CIKAN: Constraint Informed Kolmogorov-Arnold Networks for Autonomous Spacecraft Rendezvous using Time Shift Governor
This is an incremental improvement for spacecraft rendezvous applications, addressing constraint enforcement in autonomous systems.
The paper tackled the problem of enforcing constraints in autonomous spacecraft rendezvous by proposing a Constraint-Informed Kolmogorov-Arnold Network (CIKAN) approximation for the Time Shift Governor, demonstrating its effectiveness through simulations on highly elliptic orbits with comparisons to MLP-based methods and conventional TSG.
The paper considers a Constrained-Informed Neural Network (CINN) approximation for the Time Shift Governor (TSG), which is an add-on scheme to the nominal closed-loop system used to enforce constraints by time-shifting the reference trajectory in spacecraft rendezvous applications.

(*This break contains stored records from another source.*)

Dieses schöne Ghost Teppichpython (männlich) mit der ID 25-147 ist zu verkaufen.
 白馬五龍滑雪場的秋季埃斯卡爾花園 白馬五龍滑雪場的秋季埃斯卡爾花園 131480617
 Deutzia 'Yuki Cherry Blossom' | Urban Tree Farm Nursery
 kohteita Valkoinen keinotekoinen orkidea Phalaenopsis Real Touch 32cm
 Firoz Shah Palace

We incorporate Kolmogorov-Arnold Networks (KANs), an emerging architecture in the AI community, as a fundamental component of CINN and propose a Constrained-Informed Kolmogorov-Arnold Network (CIKAN)-based approximation for TSG. We demonstrate the effectiveness of the CIKAN-based TSG through simulations of constrained spacecraft rendezvous missions on highly elliptic orbits and present comparisons between CIKANs, MLP-based CINNs, and the conventional TSG.